THE PROBLEM — Nothing but the records, transcribed verbatim and stripped of images, should appear in the answer.

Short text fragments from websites

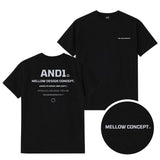 U21 AND1 ロゴTシャツ Black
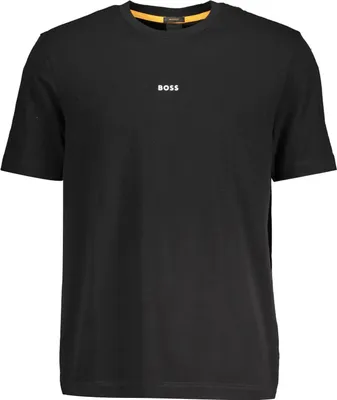 Produktbild von Boss Herren T-Shirt Schwarz 50473278TCHUP_9DAC421_NERO001 : Größe - S Größe: S
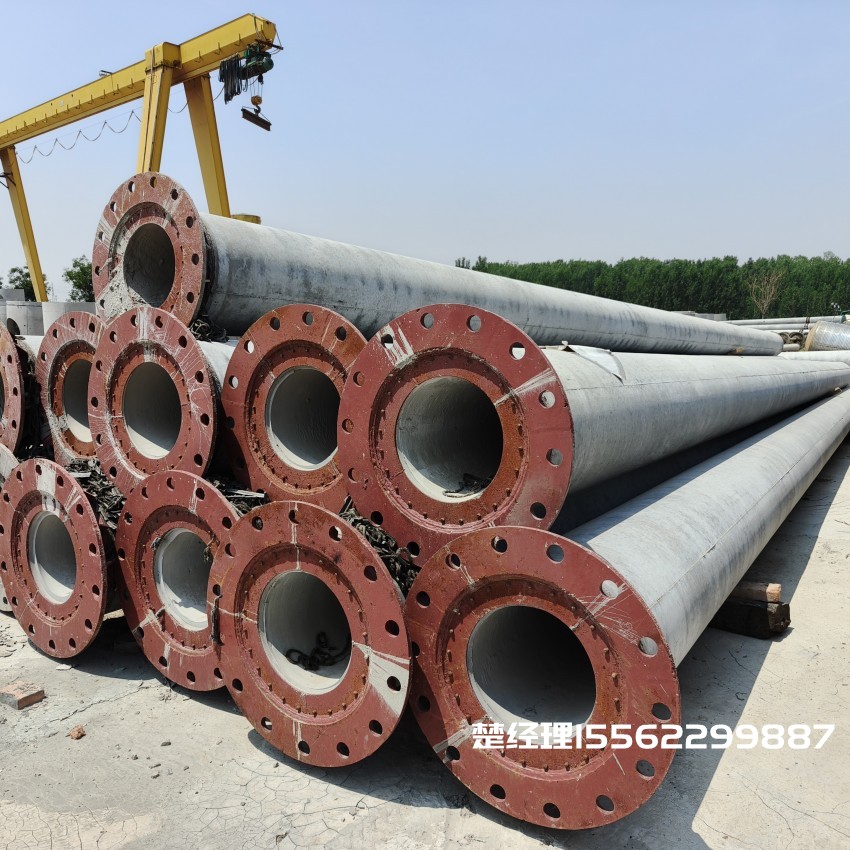 璧山12米大弯矩电杆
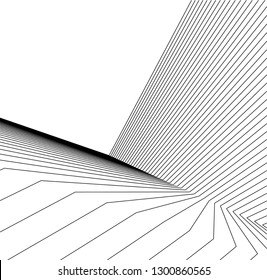 architecture geometric background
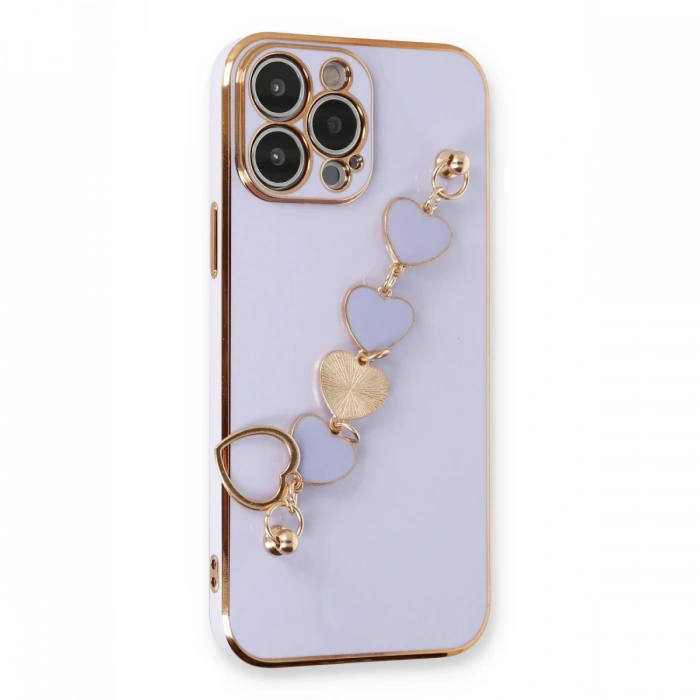 Newface iPhone 14 Pro Kılıf Esila Silikon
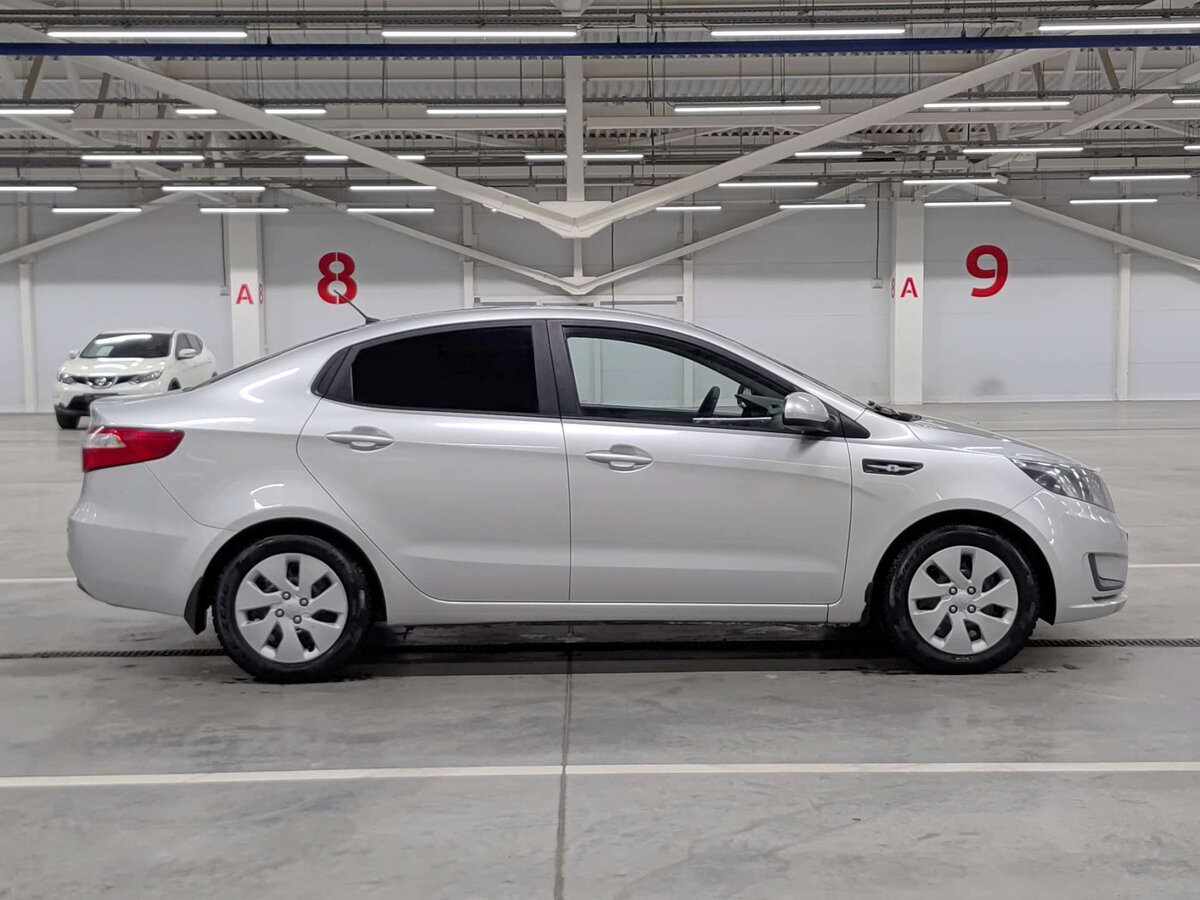 Kia Rio 2014 года с пробегом. Фото: #3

OUTPUT FOR THIS EXERCISE —
 U21 AND1 ロゴTシャツ Black
 Produktbild von Boss Herren T-Shirt Schwarz 50473278TCHUP_9DAC421_NERO001 : Größe - S Größe: S
 璧山12米大弯矩电杆
 architecture geometric background
 Newface iPhone 14 Pro Kılıf Esila Silikon
 Kia Rio 2014 года с пробегом. Фото: #3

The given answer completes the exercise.